Birlikte Başarmak

Birlikte başarmak kültürdür. Bir arada yaşayabilmeyi, birlikte başarmayı başaranlar gerçekleştirebilirler. Mutlu bireylerle anılan bütün toplumların derinlerinde bu kültür vardır. Peki, bu kültürü inşa edebilmek için ne yapmak, nasıl bir yol izlemek gerekiyor?

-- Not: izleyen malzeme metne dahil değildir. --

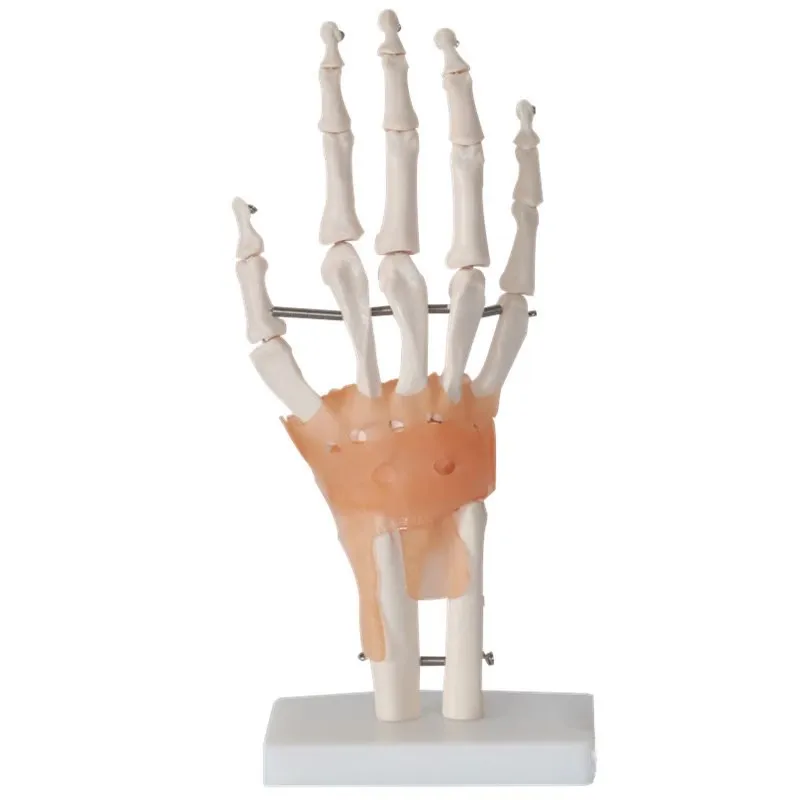 Medical Props Model Hand Joint Anatomical Skeleton Model Human Medical Anatomy School Teaching Supplies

Yolu Keşfetmek: Yol… Yollar… Varılmak istenen yere ulaşmak için değil, yola çıktığımız yeri keşfetmek içindir. Yolun farkında olan her insan, önce kendini, sonra da çevresinde yer alan insanları keşfeder. Ancak ilk keşif, önce kendinde olandır. İnsan kendini keşfedebildiği oranda “birey”, birey olabildiği oranda ise “ekip” olmayı keşfeder. Birey olamamış insan, ekip dediğimiz grubun bir parçası olamaz.
Bütün keşifler, bir “yol”da keşfedilir. O nedenledir ki önce üzerinde olunacak yolu keşfetmek önceliktir.
Şirketlerin de kendi iç zamanı ve bir de ait olduğu zaman dilimi, yani dış zamanı vardır. Şirketin kendine ait zamanın ruhunu, dış zamanın ruhuyla eşleştirmesi, onun başarısını belirleyen temel kriterdir.
Her coğrafyada “zamanın ruhu” farklı işliyor, işlemeye devam ediyor. Yatırımlar, ekonomiler, coğrafyalar, insan… Her birine ait bilgi çok önemli. Ancak bu bilgilerle zamanın ruhunu yan yana getirmek çok daha hayati. Zamanın ruhu bazen kendini bir nesnede, bazen bir davranışta, bazen siyasal bir göstergede, bazen ekonomik verilerde ya da hiç tahmin edemeyeceğimiz bir durumda gösterir.
Her doğan gün “yeni bir gün” olarak hayat bulur ve kendi zamanının ruhuna sahiptir. Dünkü zamanlar, bugünkü zamanlar, yarınki zamanlar… Hepsi kendi zamanının ruhunu taşıdılar, taşıyacaklar. Bunun farkında olmak, “yolu keşfetmek” için temel meselelerden biridir.
Duygusal bir varlık olarak insan, üretim içinde de aynı özelliklere sahiptir ve ona göre davranılmayı hak ediyordur. Hep şuna dikkat etmeye çalıştık: “İnsanlara yeteneklerini ortaya çıkartma konusunda yardımcı ol, yeteneklerini göstermelerine izin ver.”
İnsanların belki de yaptıkları en büyük hata, öğrenmeyi belli bir yaşın sınırları içine hapsetmeleridir. Bu zaman aralığı da genellikle, eğitim aldığı yıllardır. Çoğu insan, eğitimin bittiği gün “öğrenme dükkânını” kapatır. Oysaki hayat, öğrenmenin doğumdan ölüme kadar sürdürülmesi gereken “bilinçli bir davranış” olduğunu her gün öğretir.
Yolda olanlar hızlanmak için yavaşlamayı, yavaşlamak için hızlanmayı fiziksel değil, zihinsel bir mesele olarak ele almayı öğrendiklerinde, “büyük kriz”lerde gemilerini güvenli limanlara rahatlıkla taşırlar. Uzak Doğu öğretilerinin temel felsefelerinden biri “bir hareketi ne kadar yavaş yapabilirsen, o kadar hızlı yapabilirsin”dir.
Hepimizin başına gelmiştir. Çok içine girdiğimiz konulara dair algı problemleri yaşarız. Bu, görme yetisine sahipken görememektir. Aynı işle uzun yıllar uğraşanların bedenlerinde oluşan “mesleki deformasyon” gibi, zihinlerde de sadece yapılan işin sınırları içinde bir görme gelişir.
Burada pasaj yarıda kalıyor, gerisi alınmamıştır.